▸ **TASK ITEM**: All lines from the one containing "Campaign Satztische aus" through the final line of the listing below, and no others, must be returned exactly; no pictures belong in the copy.

▸ **RECORDED INFORMATION**:
============
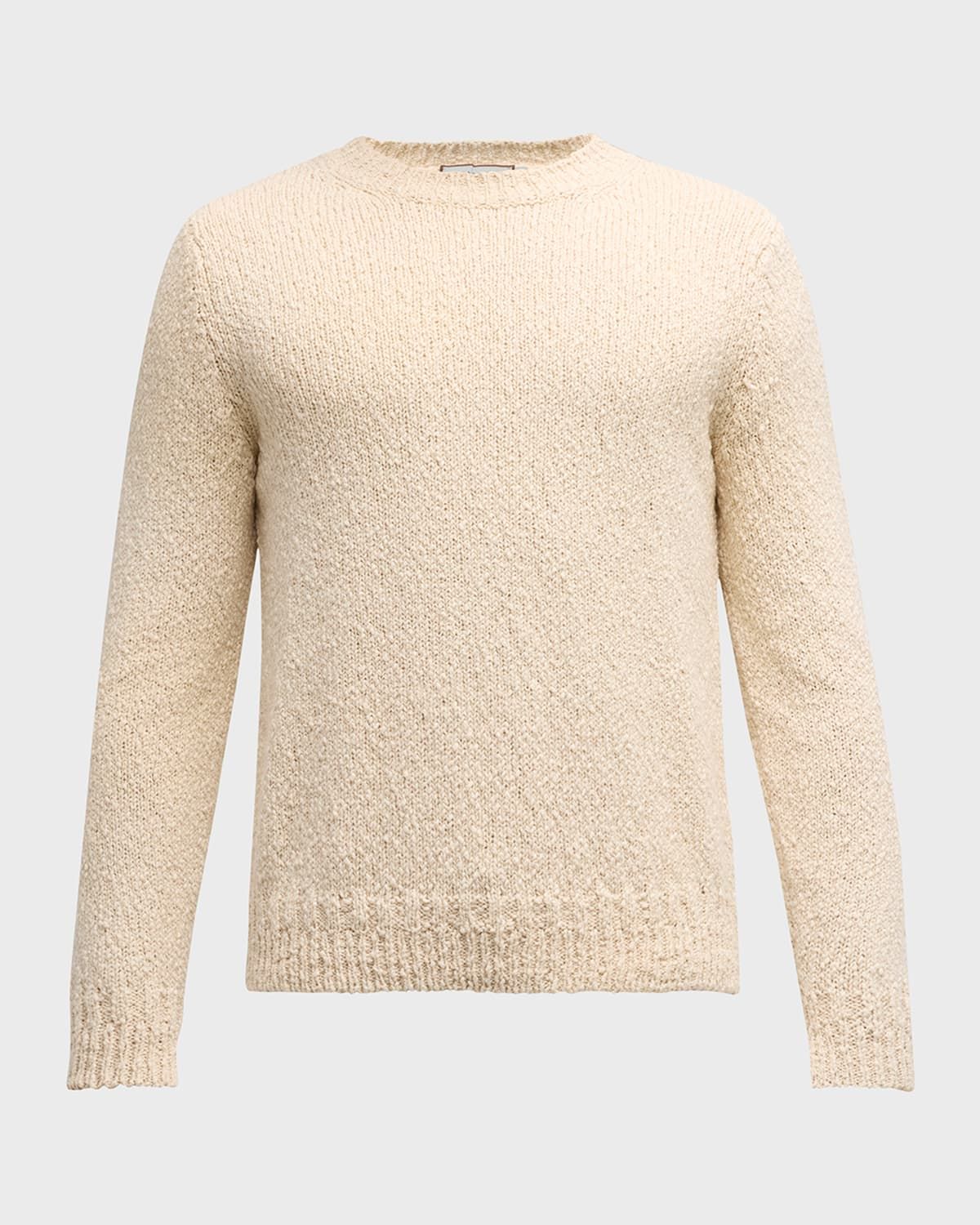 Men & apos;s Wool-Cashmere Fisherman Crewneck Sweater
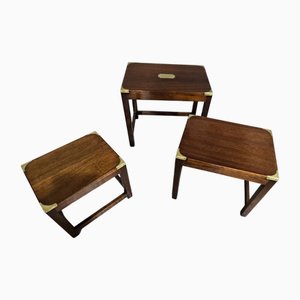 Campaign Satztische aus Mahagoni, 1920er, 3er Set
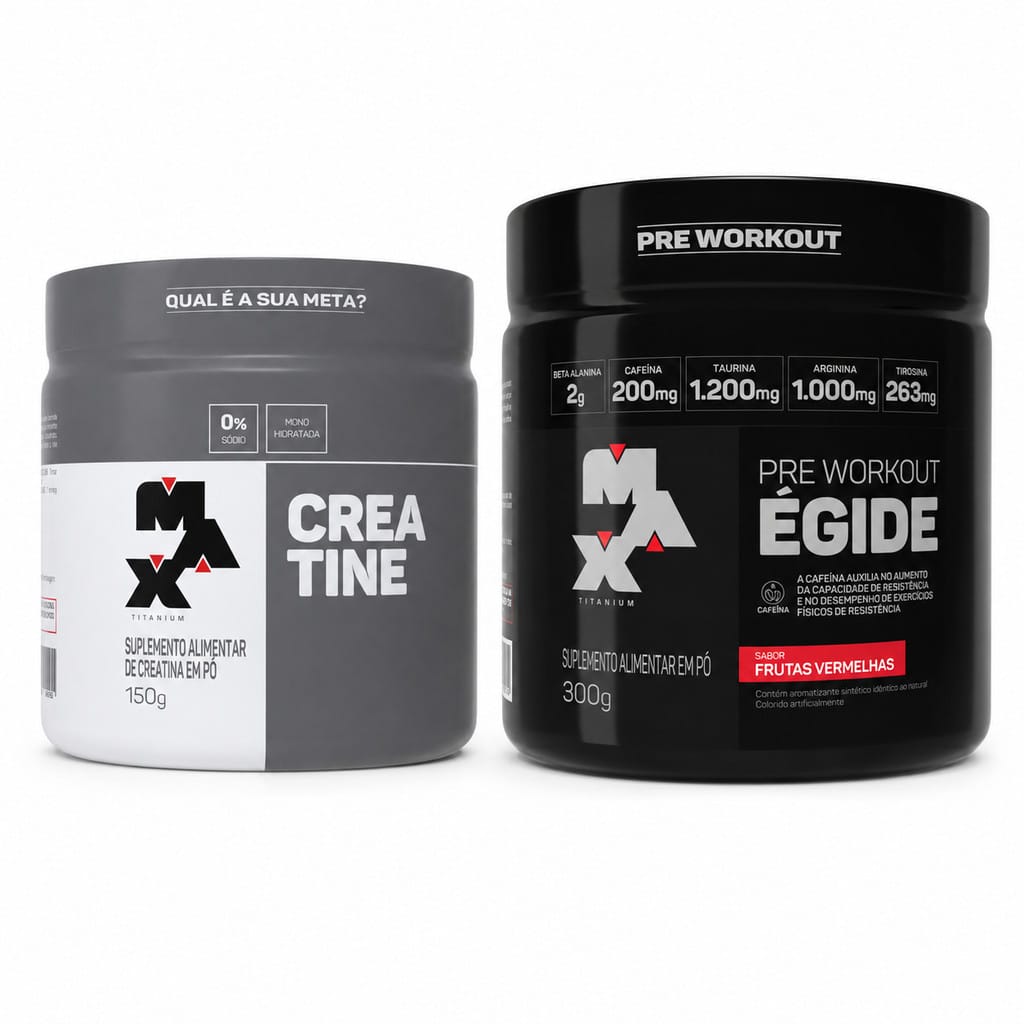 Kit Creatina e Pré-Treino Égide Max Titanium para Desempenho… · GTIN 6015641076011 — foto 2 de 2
============
▸ **RESULT BELOW**:
 Campaign Satztische aus Mahagoni, 1920er, 3er Set
 Kit Creatina e Pré-Treino Égide Max Titanium para Desempenho… · GTIN 6015641076011 — foto 2 de 2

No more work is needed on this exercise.